### DATA TO USE:

★ ★ ★ ★ ★

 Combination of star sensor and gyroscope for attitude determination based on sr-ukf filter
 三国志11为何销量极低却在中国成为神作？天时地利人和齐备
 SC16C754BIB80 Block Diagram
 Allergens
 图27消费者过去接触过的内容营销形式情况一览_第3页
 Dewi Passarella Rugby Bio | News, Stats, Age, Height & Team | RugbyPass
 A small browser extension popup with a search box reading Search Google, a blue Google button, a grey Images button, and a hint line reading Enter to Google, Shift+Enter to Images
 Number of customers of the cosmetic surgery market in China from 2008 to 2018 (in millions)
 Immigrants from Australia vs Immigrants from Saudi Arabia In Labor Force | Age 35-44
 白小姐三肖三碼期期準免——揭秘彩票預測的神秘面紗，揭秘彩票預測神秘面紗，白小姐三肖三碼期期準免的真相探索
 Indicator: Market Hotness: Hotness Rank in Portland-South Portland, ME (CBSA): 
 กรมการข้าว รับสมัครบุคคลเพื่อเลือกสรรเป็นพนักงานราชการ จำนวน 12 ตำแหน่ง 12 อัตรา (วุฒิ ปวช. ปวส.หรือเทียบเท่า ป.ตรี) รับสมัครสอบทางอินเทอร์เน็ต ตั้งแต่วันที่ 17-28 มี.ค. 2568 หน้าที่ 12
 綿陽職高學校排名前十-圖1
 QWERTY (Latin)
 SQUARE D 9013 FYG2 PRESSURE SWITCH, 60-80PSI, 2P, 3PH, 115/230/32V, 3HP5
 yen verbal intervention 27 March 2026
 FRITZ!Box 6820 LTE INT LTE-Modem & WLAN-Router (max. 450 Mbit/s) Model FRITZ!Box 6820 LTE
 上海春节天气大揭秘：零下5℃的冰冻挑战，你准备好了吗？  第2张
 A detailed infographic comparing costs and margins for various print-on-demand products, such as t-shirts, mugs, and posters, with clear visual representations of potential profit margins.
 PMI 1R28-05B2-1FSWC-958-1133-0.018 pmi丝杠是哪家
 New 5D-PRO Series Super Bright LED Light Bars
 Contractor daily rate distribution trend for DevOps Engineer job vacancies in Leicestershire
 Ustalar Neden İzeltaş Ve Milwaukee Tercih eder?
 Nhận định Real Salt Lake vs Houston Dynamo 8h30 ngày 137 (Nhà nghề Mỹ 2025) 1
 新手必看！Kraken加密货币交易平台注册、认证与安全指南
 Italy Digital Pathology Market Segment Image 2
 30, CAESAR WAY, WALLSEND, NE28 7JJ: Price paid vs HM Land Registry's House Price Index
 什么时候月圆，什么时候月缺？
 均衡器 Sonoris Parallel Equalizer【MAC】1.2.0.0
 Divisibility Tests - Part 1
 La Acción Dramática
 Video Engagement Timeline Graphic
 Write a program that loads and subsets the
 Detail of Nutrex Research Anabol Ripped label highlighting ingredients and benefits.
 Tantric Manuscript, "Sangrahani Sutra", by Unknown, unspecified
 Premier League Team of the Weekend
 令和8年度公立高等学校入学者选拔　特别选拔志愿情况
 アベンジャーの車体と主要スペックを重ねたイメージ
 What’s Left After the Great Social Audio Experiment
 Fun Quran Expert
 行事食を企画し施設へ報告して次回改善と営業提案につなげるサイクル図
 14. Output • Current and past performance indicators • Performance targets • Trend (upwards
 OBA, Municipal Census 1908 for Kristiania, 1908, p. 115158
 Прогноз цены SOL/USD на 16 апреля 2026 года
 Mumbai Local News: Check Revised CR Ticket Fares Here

★ ★ ★ ★ ★

### WHAT YOU SHOULD DO:
What count of lines in the listing contain the word "News"? Reply with the number only.

### ANSWER BOX:
2